=== Problem details ===
Word for word, restate the lines of the data below between those holding "The same pattern" and "Label the fuselage", inclusive; pictures do not belong in the copy.

━━━━━ Input data

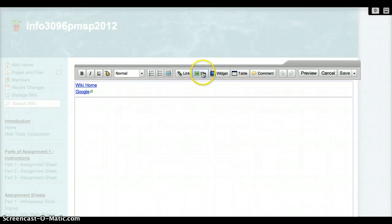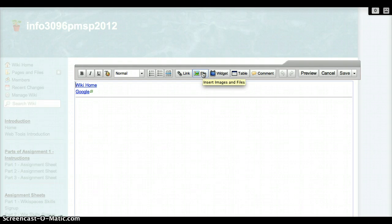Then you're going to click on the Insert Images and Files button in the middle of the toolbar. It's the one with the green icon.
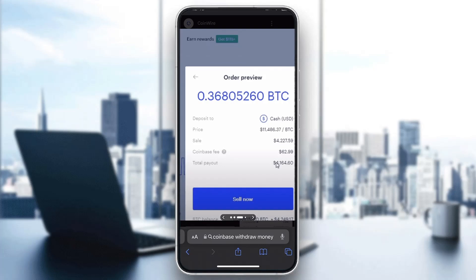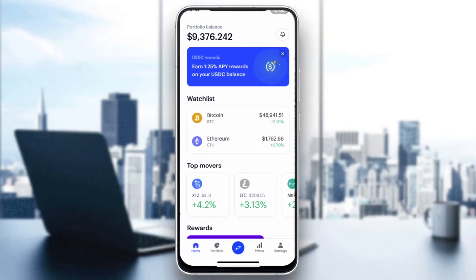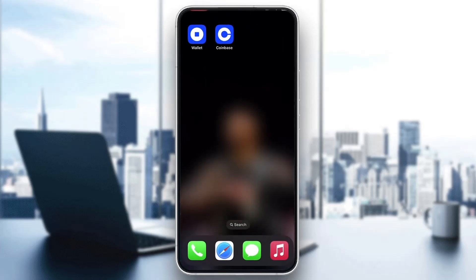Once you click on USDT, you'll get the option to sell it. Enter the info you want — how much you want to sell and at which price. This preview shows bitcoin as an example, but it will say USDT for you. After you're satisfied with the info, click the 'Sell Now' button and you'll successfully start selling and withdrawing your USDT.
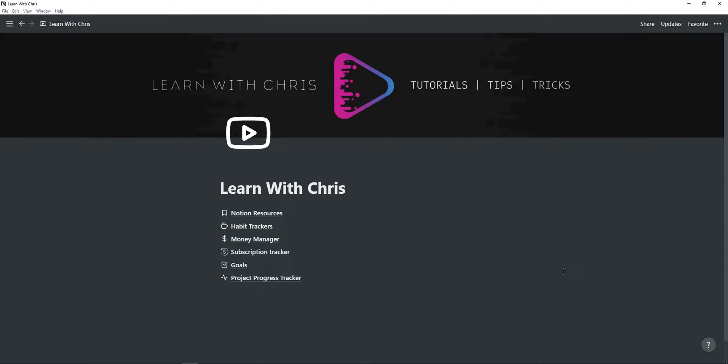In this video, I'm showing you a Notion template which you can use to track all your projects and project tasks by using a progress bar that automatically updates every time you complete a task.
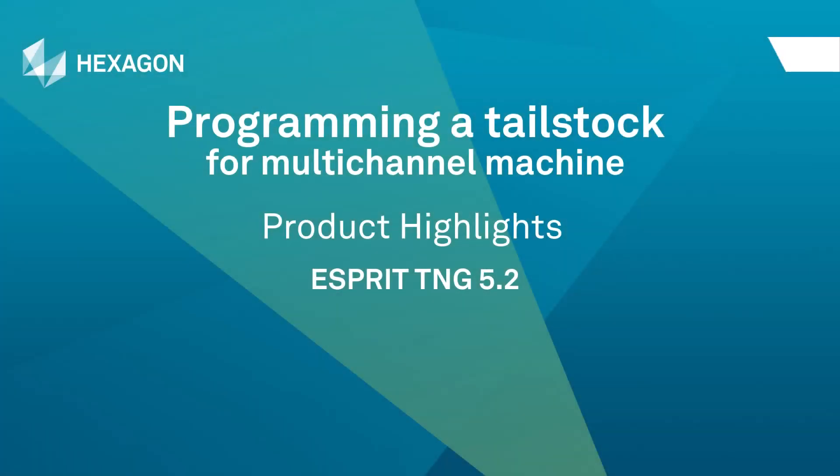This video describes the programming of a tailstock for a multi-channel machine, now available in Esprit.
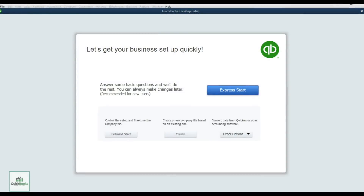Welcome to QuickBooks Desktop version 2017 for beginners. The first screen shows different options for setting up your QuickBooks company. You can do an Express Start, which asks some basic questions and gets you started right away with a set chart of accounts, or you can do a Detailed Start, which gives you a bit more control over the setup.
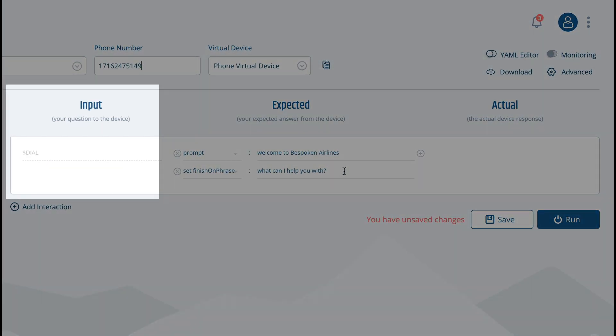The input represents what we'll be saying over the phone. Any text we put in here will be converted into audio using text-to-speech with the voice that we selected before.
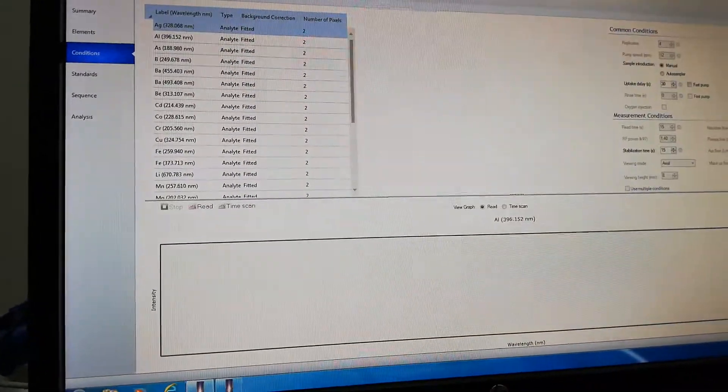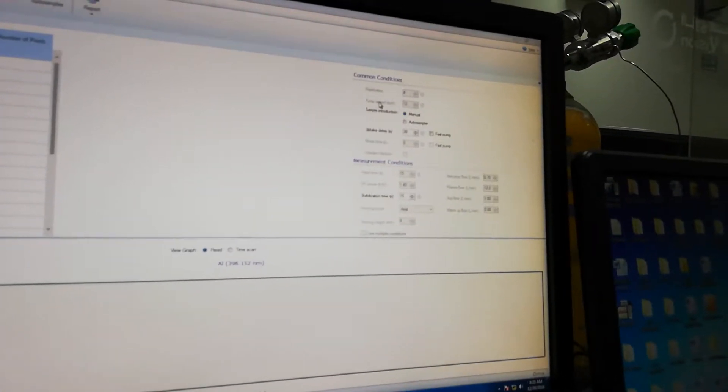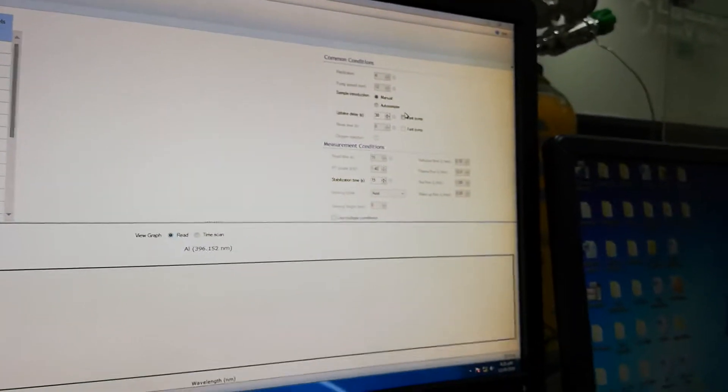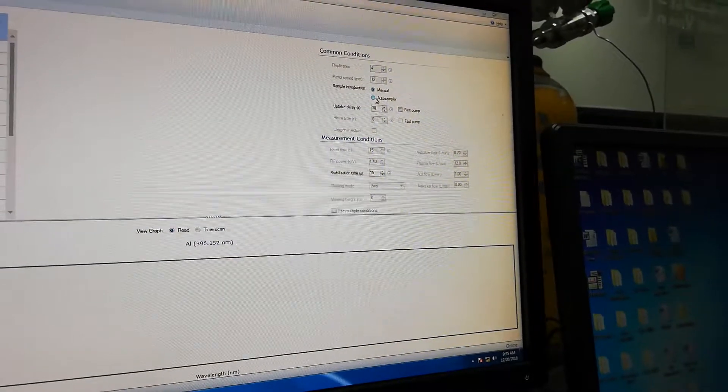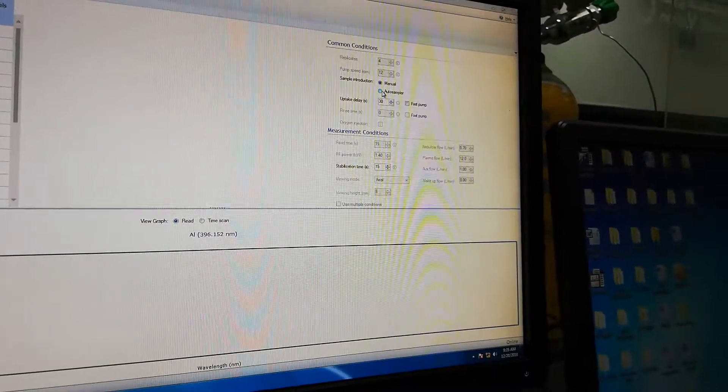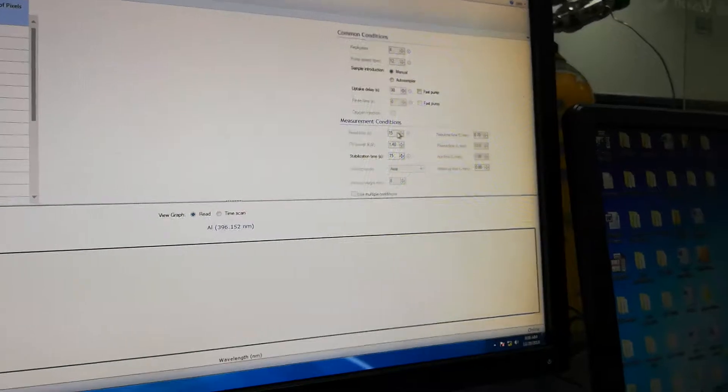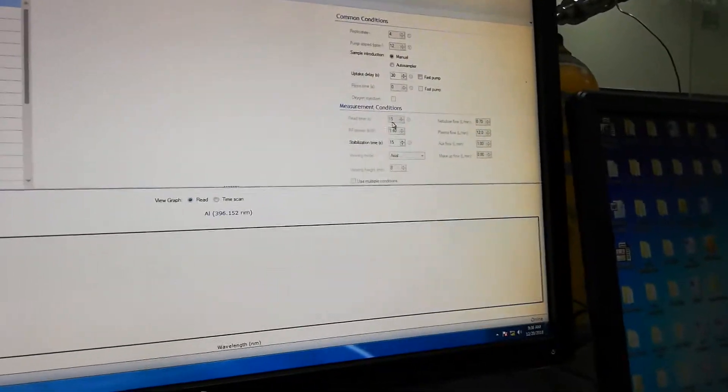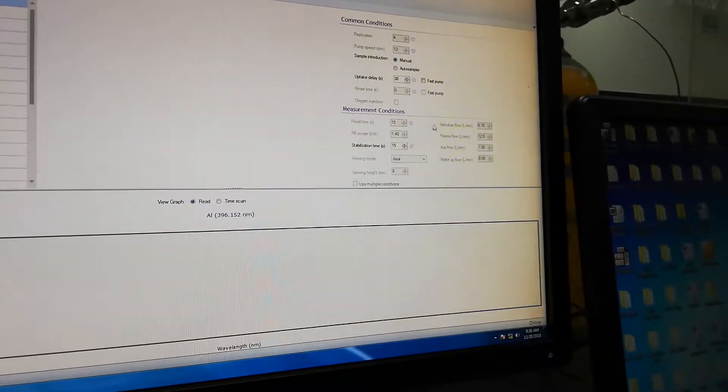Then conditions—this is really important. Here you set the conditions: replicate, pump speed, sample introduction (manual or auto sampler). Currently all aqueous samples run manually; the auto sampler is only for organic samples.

━━━━━━━━━━
━━━━━ Input data

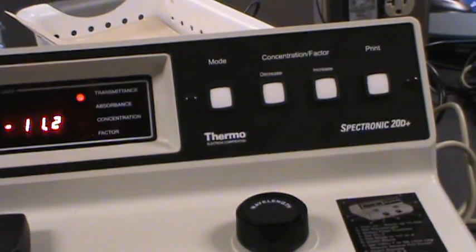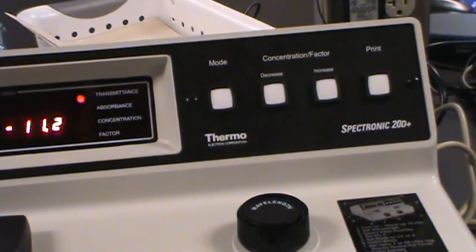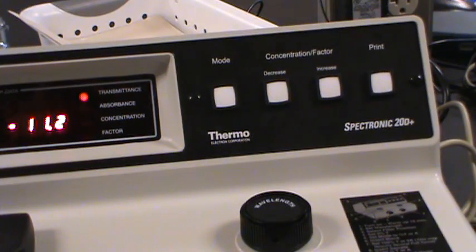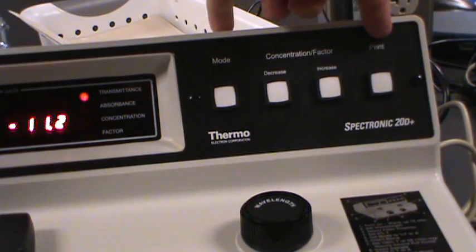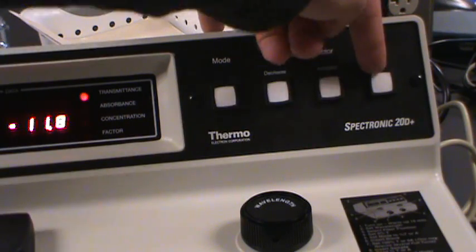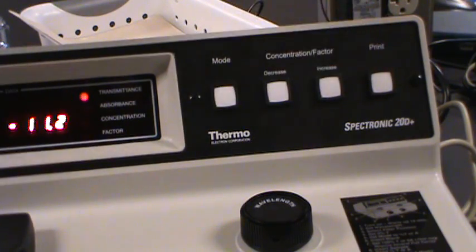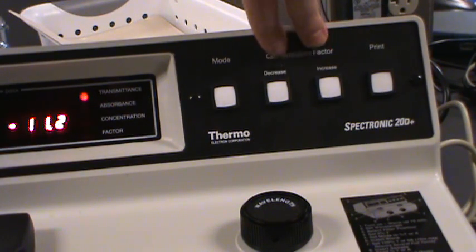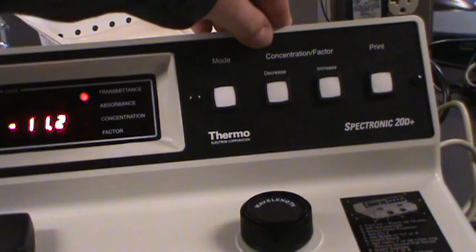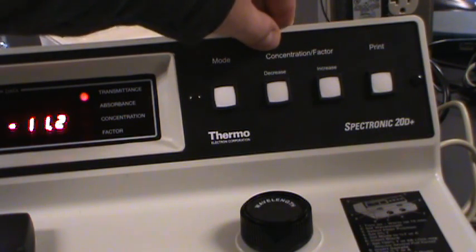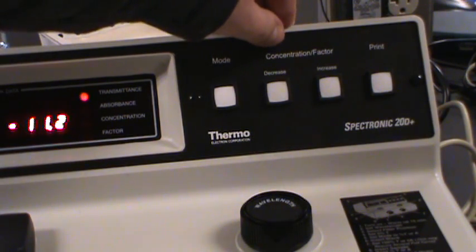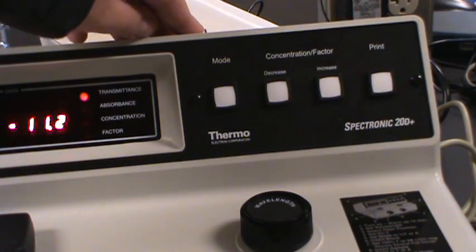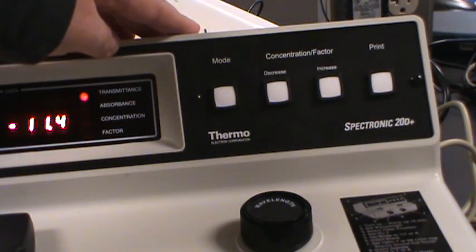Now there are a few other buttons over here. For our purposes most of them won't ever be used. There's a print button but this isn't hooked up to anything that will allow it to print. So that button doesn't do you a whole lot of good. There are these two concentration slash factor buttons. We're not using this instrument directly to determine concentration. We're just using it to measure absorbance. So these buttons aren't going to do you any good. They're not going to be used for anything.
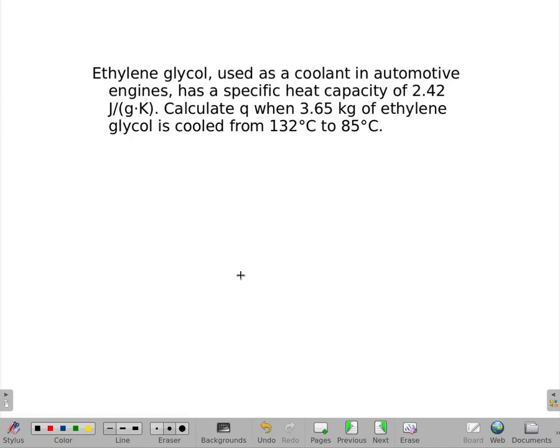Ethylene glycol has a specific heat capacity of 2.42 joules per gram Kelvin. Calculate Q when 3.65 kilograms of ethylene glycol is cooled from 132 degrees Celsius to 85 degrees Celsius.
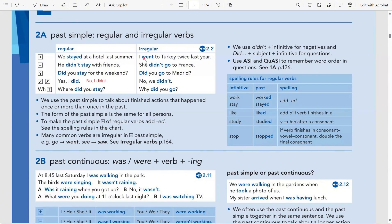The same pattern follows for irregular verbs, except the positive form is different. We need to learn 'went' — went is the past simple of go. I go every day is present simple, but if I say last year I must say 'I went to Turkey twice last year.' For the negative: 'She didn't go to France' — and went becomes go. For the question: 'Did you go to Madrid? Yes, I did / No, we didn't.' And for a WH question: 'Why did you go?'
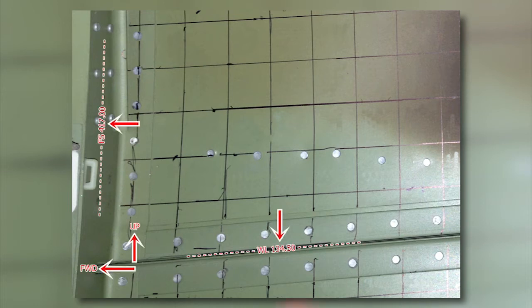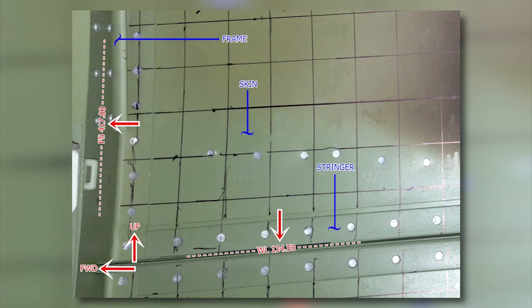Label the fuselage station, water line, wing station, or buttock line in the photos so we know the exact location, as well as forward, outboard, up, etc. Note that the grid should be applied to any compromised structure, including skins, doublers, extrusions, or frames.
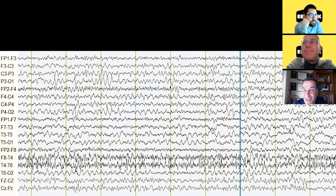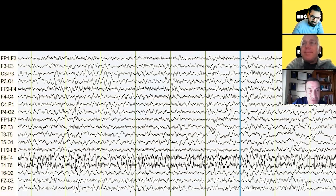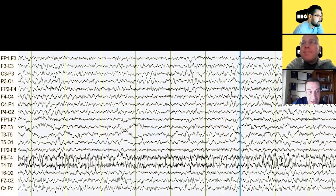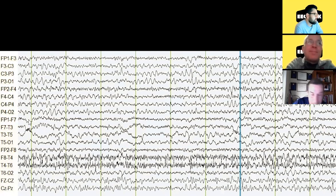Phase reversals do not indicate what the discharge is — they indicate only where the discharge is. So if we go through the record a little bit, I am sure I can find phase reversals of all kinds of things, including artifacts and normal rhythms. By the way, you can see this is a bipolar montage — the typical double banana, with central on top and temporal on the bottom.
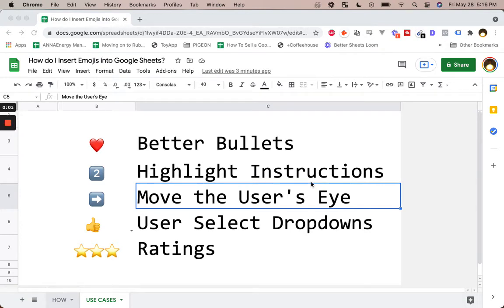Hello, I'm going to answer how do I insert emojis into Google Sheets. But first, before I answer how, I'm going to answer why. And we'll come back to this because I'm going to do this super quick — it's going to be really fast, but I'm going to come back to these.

━━━━━━━━━━

=== Exercise answer ===
The same pattern follows for irregular verbs, except the positive form is different. We need to learn 'went' — went is the past simple of go. I go every day is present simple, but if I say last year I must say 'I went to Turkey twice last year.' For the negative: 'She didn't go to France' — and went becomes go. For the question: 'Did you go to Madrid? Yes, I did / No, we didn't.' And for a WH question: 'Why did you go?'
Label the fuselage station, water line, wing station, or buttock line in the photos so we know the exact location, as well as forward, outboard, up, etc. Note that the grid should be applied to any compromised structure, including skins, doublers, extrusions, or frames.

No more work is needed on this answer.